──────── Given records
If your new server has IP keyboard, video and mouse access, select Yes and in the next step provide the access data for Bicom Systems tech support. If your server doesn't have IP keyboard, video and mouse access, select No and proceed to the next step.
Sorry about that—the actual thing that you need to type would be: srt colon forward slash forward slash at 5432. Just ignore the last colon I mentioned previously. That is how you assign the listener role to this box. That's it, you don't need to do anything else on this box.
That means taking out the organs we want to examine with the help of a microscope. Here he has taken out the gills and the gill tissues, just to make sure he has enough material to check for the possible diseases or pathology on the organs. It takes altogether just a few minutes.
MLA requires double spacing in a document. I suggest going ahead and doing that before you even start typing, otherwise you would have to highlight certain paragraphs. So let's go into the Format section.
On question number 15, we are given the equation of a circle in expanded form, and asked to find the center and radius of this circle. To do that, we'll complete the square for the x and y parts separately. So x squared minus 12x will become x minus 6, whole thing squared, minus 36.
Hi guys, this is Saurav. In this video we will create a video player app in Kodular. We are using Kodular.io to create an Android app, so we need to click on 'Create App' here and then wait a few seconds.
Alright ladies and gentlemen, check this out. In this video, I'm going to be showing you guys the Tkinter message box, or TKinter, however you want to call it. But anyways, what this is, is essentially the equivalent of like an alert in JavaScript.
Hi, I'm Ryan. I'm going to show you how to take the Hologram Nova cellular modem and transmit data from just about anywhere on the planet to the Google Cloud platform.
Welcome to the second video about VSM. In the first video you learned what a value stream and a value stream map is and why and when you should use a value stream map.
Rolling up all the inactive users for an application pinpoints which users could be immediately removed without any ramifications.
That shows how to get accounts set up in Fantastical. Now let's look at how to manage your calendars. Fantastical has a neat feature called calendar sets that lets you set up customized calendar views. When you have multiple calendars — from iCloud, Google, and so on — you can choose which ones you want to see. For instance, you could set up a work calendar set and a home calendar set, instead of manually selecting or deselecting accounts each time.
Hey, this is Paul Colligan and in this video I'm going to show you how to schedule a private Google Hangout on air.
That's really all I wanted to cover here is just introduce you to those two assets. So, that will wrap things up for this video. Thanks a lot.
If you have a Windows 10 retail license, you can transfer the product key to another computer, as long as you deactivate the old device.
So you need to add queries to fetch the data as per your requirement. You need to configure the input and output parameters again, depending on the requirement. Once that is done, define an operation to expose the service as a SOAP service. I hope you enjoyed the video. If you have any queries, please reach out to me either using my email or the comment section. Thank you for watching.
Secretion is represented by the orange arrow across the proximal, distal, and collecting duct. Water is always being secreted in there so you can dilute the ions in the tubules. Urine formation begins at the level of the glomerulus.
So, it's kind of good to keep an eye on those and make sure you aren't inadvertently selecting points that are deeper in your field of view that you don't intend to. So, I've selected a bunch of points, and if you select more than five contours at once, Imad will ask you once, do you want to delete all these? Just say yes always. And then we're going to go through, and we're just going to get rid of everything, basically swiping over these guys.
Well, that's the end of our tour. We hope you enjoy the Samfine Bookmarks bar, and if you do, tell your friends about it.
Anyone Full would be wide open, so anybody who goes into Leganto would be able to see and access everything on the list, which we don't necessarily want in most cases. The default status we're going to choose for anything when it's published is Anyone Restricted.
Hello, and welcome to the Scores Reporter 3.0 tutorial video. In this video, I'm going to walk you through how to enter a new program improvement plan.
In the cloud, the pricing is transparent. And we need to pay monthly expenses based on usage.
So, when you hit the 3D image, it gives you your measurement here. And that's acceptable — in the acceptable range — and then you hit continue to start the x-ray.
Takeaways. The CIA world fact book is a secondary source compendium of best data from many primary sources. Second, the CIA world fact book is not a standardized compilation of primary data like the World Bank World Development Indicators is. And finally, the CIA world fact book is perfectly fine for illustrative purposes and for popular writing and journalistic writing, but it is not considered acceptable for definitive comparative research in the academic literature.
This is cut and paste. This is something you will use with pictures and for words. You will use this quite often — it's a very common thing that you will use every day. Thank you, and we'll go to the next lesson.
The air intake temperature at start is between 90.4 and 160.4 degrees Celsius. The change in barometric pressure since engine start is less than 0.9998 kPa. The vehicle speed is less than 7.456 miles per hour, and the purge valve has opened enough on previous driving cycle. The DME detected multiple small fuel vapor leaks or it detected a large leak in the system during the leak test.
────────────────
*Exercise goal*.
A word-for-word copy of the listing is the expected answer.

*Solution to the exercise*.
If your new server has IP keyboard, video and mouse access, select Yes and in the next step provide the access data for Bicom Systems tech support. If your server doesn't have IP keyboard, video and mouse access, select No and proceed to the next step.
Sorry about that—the actual thing that you need to type would be: srt colon forward slash forward slash at 5432. Just ignore the last colon I mentioned previously. That is how you assign the listener role to this box. That's it, you don't need to do anything else on this box.
That means taking out the organs we want to examine with the help of a microscope. Here he has taken out the gills and the gill tissues, just to make sure he has enough material to check for the possible diseases or pathology on the organs. It takes altogether just a few minutes.
MLA requires double spacing in a document. I suggest going ahead and doing that before you even start typing, otherwise you would have to highlight certain paragraphs. So let's go into the Format section.
On question number 15, we are given the equation of a circle in expanded form, and asked to find the center and radius of this circle. To do that, we'll complete the square for the x and y parts separately. So x squared minus 12x will become x minus 6, whole thing squared, minus 36.
Hi guys, this is Saurav. In this video we will create a video player app in Kodular. We are using Kodular.io to create an Android app, so we need to click on 'Create App' here and then wait a few seconds.
Alright ladies and gentlemen, check this out. In this video, I'm going to be showing you guys the Tkinter message box, or TKinter, however you want to call it. But anyways, what this is, is essentially the equivalent of like an alert in JavaScript.
Hi, I'm Ryan. I'm going to show you how to take the Hologram Nova cellular modem and transmit data from just about anywhere on the planet to the Google Cloud platform.
Welcome to the second video about VSM. In the first video you learned what a value stream and a value stream map is and why and when you should use a value stream map.
Rolling up all the inactive users for an application pinpoints which users could be immediately removed without any ramifications.
That shows how to get accounts set up in Fantastical. Now let's look at how to manage your calendars. Fantastical has a neat feature called calendar sets that lets you set up customized calendar views. When you have multiple calendars — from iCloud, Google, and so on — you can choose which ones you want to see. For instance, you could set up a work calendar set and a home calendar set, instead of manually selecting or deselecting accounts each time.
Hey, this is Paul Colligan and in this video I'm going to show you how to schedule a private Google Hangout on air.
That's really all I wanted to cover here is just introduce you to those two assets. So, that will wrap things up for this video. Thanks a lot.
If you have a Windows 10 retail license, you can transfer the product key to another computer, as long as you deactivate the old device.
So you need to add queries to fetch the data as per your requirement. You need to configure the input and output parameters again, depending on the requirement. Once that is done, define an operation to expose the service as a SOAP service. I hope you enjoyed the video. If you have any queries, please reach out to me either using my email or the comment section. Thank you for watching.
Secretion is represented by the orange arrow across the proximal, distal, and collecting duct. Water is always being secreted in there so you can dilute the ions in the tubules. Urine formation begins at the level of the glomerulus.
So, it's kind of good to keep an eye on those and make sure you aren't inadvertently selecting points that are deeper in your field of view that you don't intend to. So, I've selected a bunch of points, and if you select more than five contours at once, Imad will ask you once, do you want to delete all these? Just say yes always. And then we're going to go through, and we're just going to get rid of everything, basically swiping over these guys.
Well, that's the end of our tour. We hope you enjoy the Samfine Bookmarks bar, and if you do, tell your friends about it.
Anyone Full would be wide open, so anybody who goes into Leganto would be able to see and access everything on the list, which we don't necessarily want in most cases. The default status we're going to choose for anything when it's published is Anyone Restricted.
Hello, and welcome to the Scores Reporter 3.0 tutorial video. In this video, I'm going to walk you through how to enter a new program improvement plan.
In the cloud, the pricing is transparent. And we need to pay monthly expenses based on usage.
So, when you hit the 3D image, it gives you your measurement here. And that's acceptable — in the acceptable range — and then you hit continue to start the x-ray.
Takeaways. The CIA world fact book is a secondary source compendium of best data from many primary sources. Second, the CIA world fact book is not a standardized compilation of primary data like the World Bank World Development Indicators is. And finally, the CIA world fact book is perfectly fine for illustrative purposes and for popular writing and journalistic writing, but it is not considered acceptable for definitive comparative research in the academic literature.
This is cut and paste. This is something you will use with pictures and for words. You will use this quite often — it's a very common thing that you will use every day. Thank you, and we'll go to the next lesson.
The air intake temperature at start is between 90.4 and 160.4 degrees Celsius. The change in barometric pressure since engine start is less than 0.9998 kPa. The vehicle speed is less than 7.456 miles per hour, and the purge valve has opened enough on previous driving cycle. The DME detected multiple small fuel vapor leaks or it detected a large leak in the system during the leak test.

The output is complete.